### Exercise directions
Write out exactly the lines below starting at the one containing "It may save" and ending at the one containing "To open slideshow". Omit every picture.

### Dataset
##########

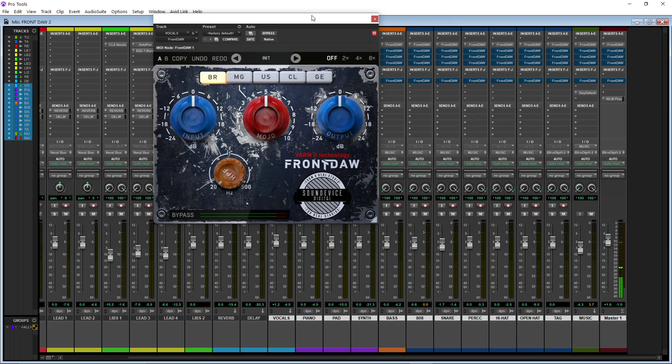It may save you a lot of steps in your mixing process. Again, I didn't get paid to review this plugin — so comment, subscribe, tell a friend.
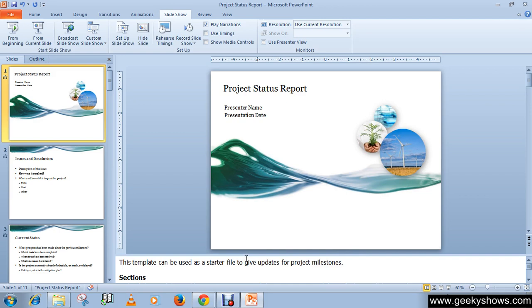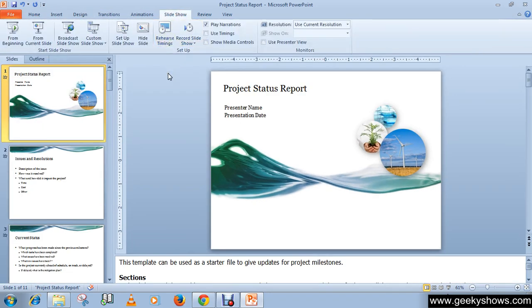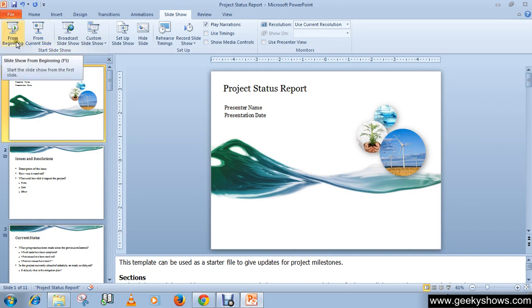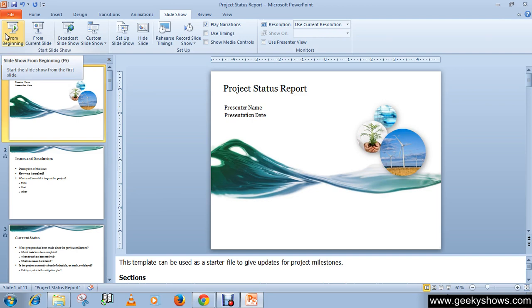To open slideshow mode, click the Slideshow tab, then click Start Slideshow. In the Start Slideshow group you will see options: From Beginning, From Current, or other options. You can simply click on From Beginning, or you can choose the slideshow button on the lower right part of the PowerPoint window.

##########

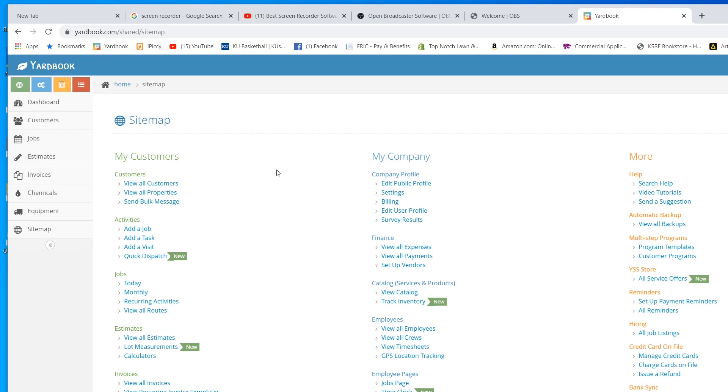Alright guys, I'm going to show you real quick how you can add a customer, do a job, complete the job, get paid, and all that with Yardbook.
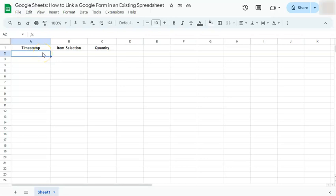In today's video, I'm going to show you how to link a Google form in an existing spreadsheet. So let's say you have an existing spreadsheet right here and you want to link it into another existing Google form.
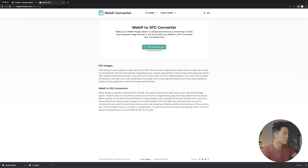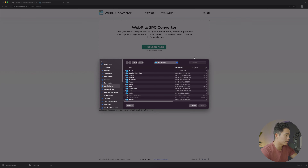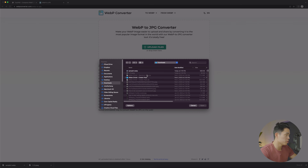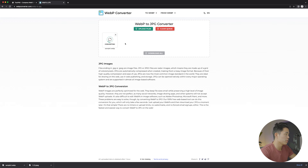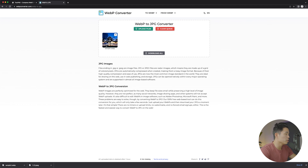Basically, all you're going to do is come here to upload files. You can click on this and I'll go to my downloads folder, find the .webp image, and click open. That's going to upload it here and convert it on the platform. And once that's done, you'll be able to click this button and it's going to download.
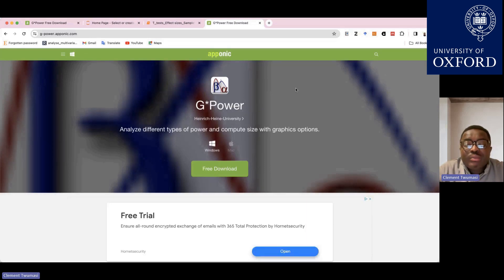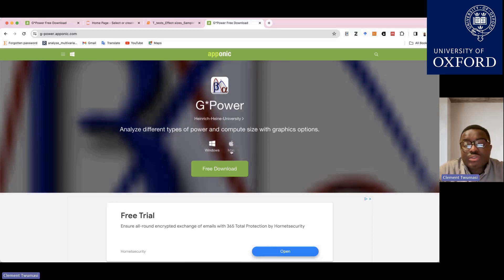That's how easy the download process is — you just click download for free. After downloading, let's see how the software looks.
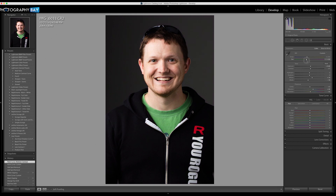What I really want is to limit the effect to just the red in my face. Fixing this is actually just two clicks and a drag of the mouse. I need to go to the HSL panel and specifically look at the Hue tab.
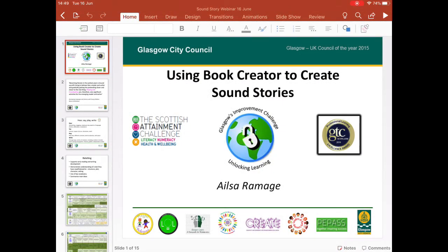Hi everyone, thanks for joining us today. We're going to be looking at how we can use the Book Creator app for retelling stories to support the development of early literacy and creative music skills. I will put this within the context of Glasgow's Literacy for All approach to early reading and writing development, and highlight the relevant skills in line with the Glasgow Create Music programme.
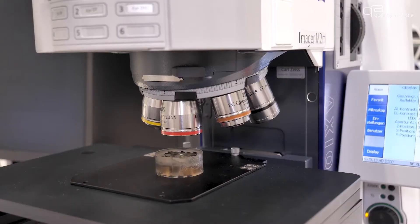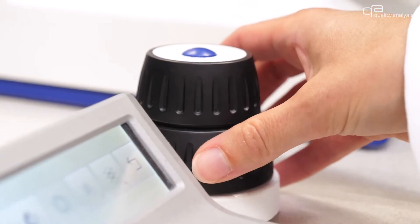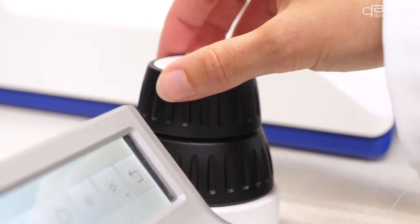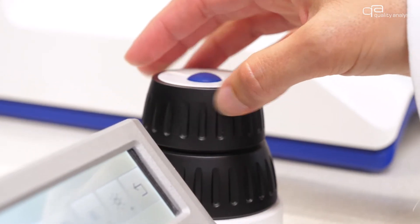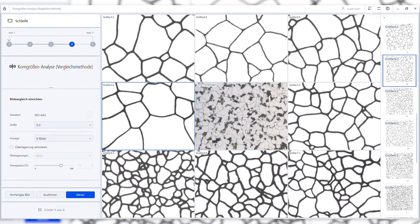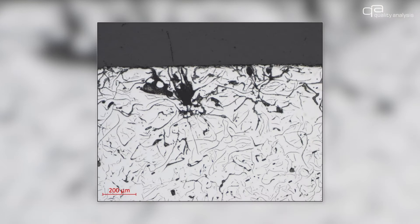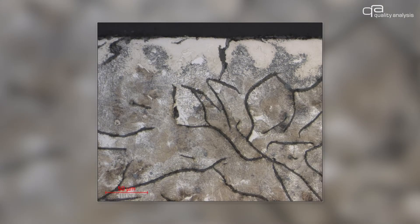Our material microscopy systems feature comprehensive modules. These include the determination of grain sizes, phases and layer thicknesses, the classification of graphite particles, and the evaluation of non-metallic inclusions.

##########

### Exercise result
It may save you a lot of steps in your mixing process. Again, I didn't get paid to review this plugin — so comment, subscribe, tell a friend.
To open slideshow mode, click the Slideshow tab, then click Start Slideshow. In the Start Slideshow group you will see options: From Beginning, From Current, or other options. You can simply click on From Beginning, or you can choose the slideshow button on the lower right part of the PowerPoint window.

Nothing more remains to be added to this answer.